No one gives us dignity and to be human is not ennobling in itself, but we may earn it by dint of our choices and efforts to protect the least of us and stop gratifying the worst of us.

Tuesday, December 13, 2011 at 3:37:00 PM GMT-5  
Blogger Lisa said...

An aside:

I just read a great study on compassion in the lowly rat A New Model of Empathy: The Rat.

It seems that rats will free their fellows from a sort of bullet motel existence, even if they do not derive benefit of a playmate in the springing, AND, they will leave them a few chocolate chip morsels to . . . help salve their privations?

I understand this is not a commensurate study of rat sexual exploitation, but still, there seems to be an impulse to do good.
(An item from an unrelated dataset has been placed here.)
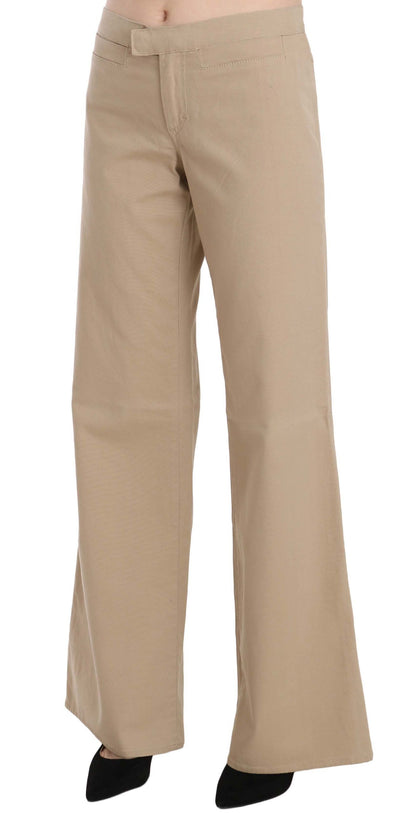 Just Cavalli Beige Katoenen Mid Waist Flared Broek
Unless we've passed some undoable involution, we can always hope to maximize our better impulses, subduing our greedier, appetitive drives.

Holy moley, if a rat can do it ...

Wednesday, December 14, 2011 at 12:32:00 AM GMT-5  
Anonymous CholoAzul said...


In the study Token Reinforcement in Chimpanzees (Wolfe 1936), primates (who are considered by some researchers to be our low tech distant cousins),were taught to perform labor in order to acquire poker chips as money, with which they could buy food, water, dessert, and treats.

Unexpected collateral outcome, the bigger chimpanzees began to beat up the weaker ones and take their 'money'.

Since the superordinate behavior could not be easily linked to social ills such as uneven distribution of wealth or too much television, the study quickly fell out of favor among the lab coated primates.

I'm of the belief that problems are better served if we admit to their causes, and the short answer is that we aren't born with rat traits, we are born with primate ones.
And it seems that a large percentage of the human race doesn't work very hard to outgrow them.

Wednesday, December 14, 2011 at 9:18:00 AM GMT-5  
Blogger Lisa said...


I am a fan of animal behaviorists. That is a classic, and it seems we are more vicious chimp than chip-sharing rat. I think I conflated my love of James Cagney with our field of presidential candidates and allowed myself to be willingly confused for a moment . . .

Yes, our primate legacy holds all that we call "aberrant":

Matricide infanticide, cannibalism, infidelity, incest . . . we have a clear template. As for the bible and every other overlay implying our nobility? Well, it's pretty to think so.